**EXERCISE:** The records that follow are to be reproduced exactly. Any pictures in them are left out.

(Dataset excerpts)
====

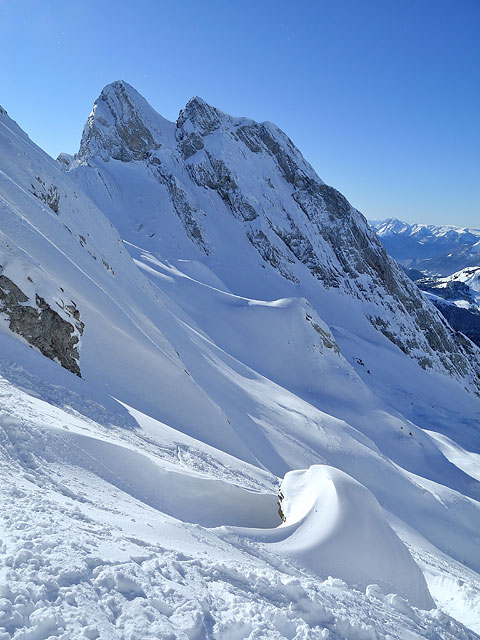 #1 Combaz : Depuis le sommet de Marion, l Combaz : Depuis le sommet de Marion, l'état de la face du Combaz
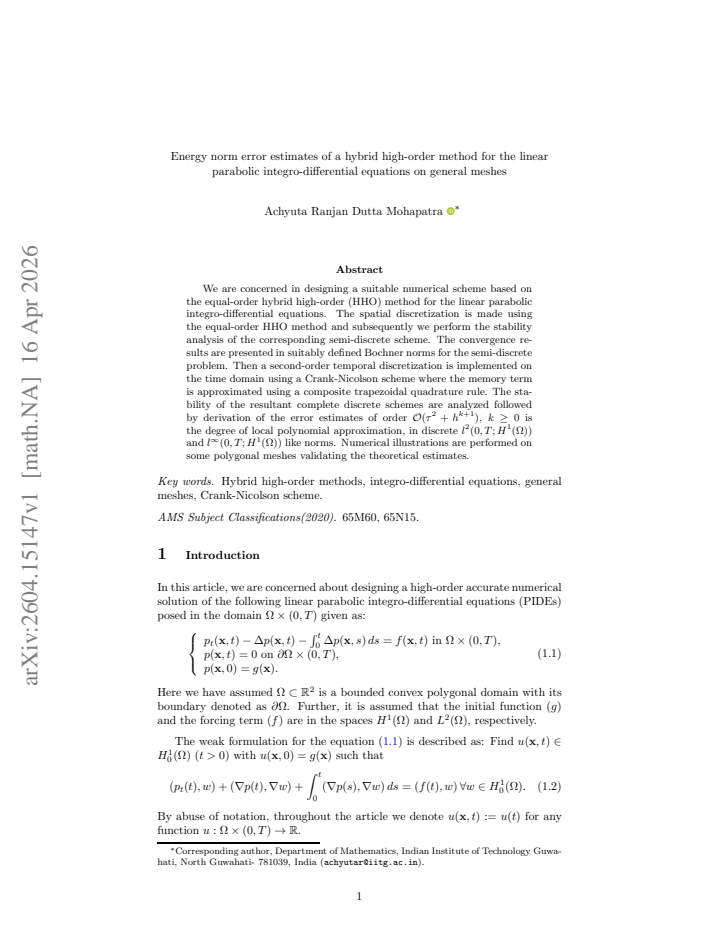 First page
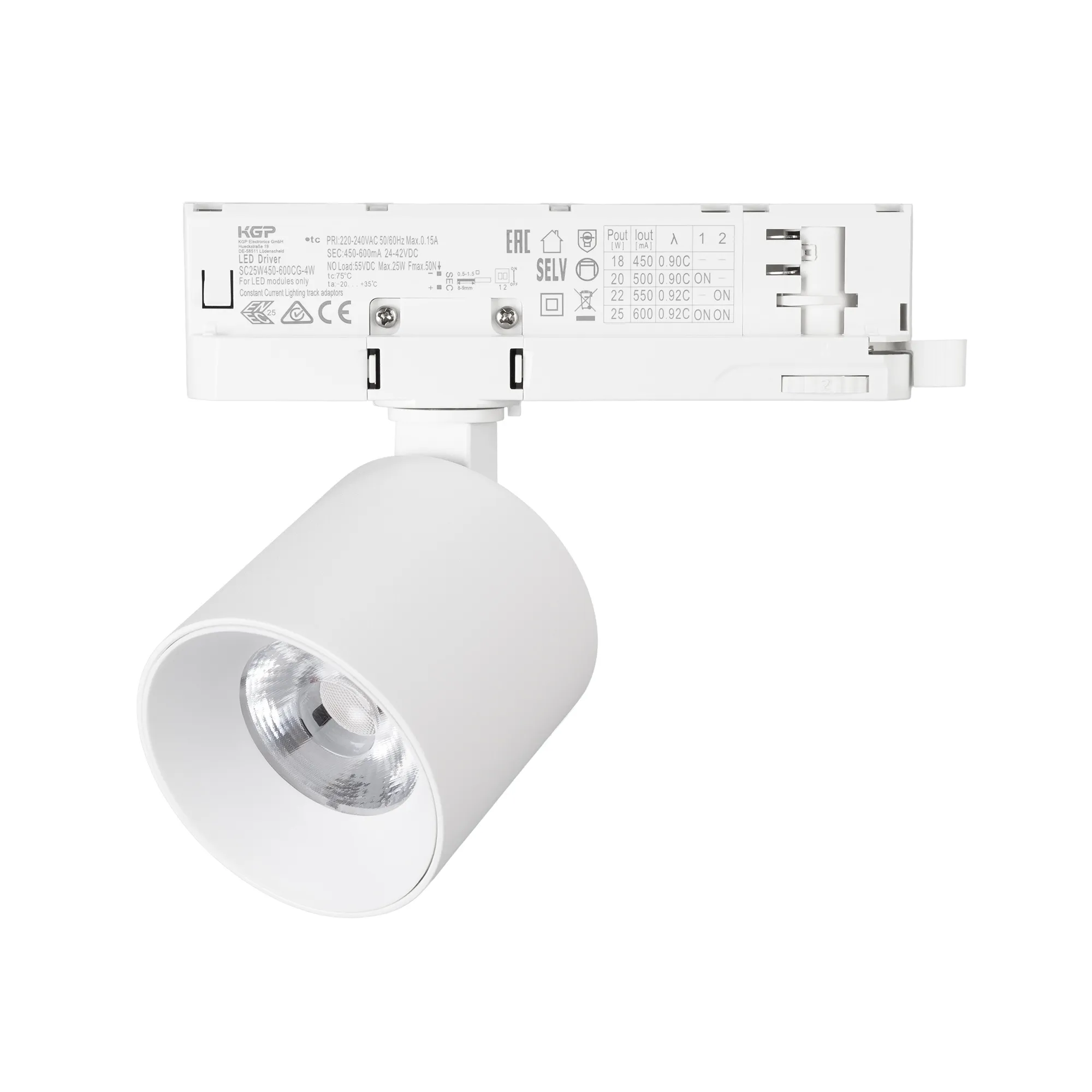 Светильник LGD-DYKE-4TR-R75-16W Warm3000 (WH, 38 deg, 230V) (Arlight, IP20 Металл, 5 лет) - изображение товара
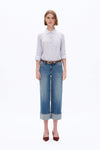 Womens Straight Crop Jeans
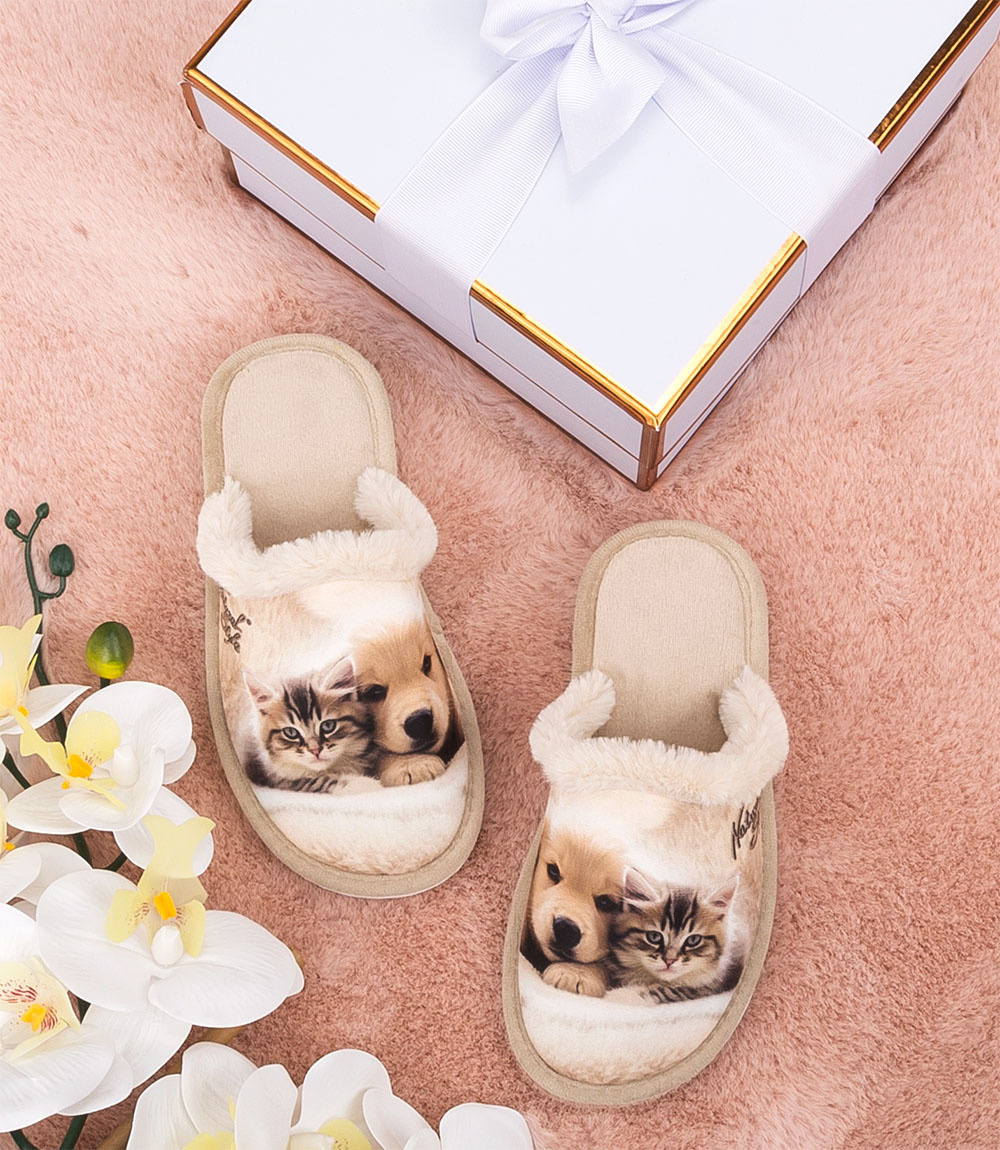 Domácí pantofle Meteor Natural Style 109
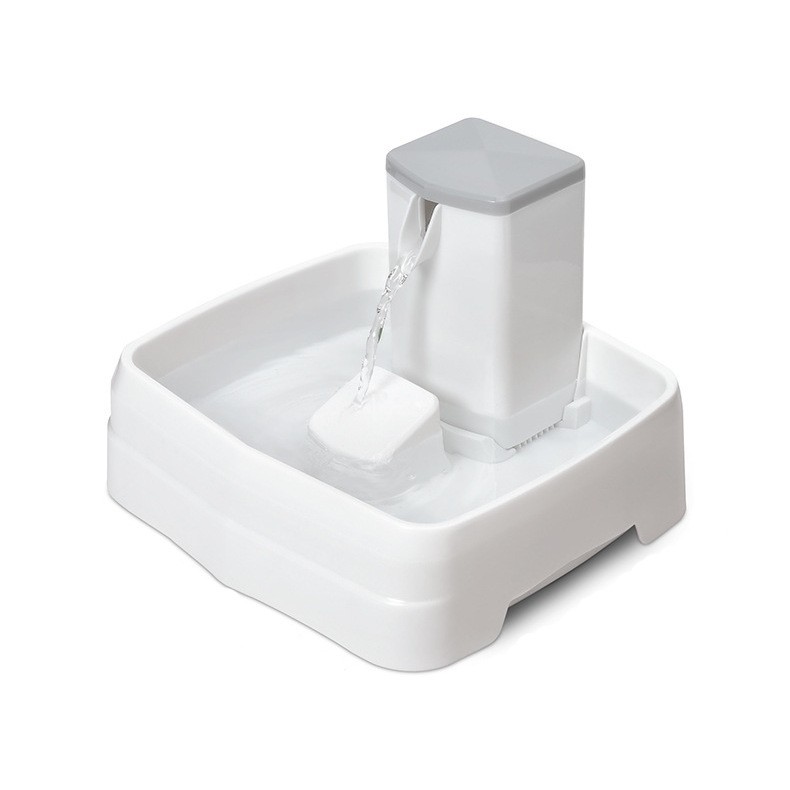 Smart Pet Water Fountain with Stainless Steel Bowl & Multi-Stage Filtration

====

**RESPONSE:**
 #1 Combaz : Depuis le sommet de Marion, l Combaz : Depuis le sommet de Marion, l'état de la face du Combaz
 First page
 Светильник LGD-DYKE-4TR-R75-16W Warm3000 (WH, 38 deg, 230V) (Arlight, IP20 Металл, 5 лет) - изображение товара
 Womens Straight Crop Jeans
 Domácí pantofle Meteor Natural Style 109
 Smart Pet Water Fountain with Stainless Steel Bowl & Multi-Stage Filtration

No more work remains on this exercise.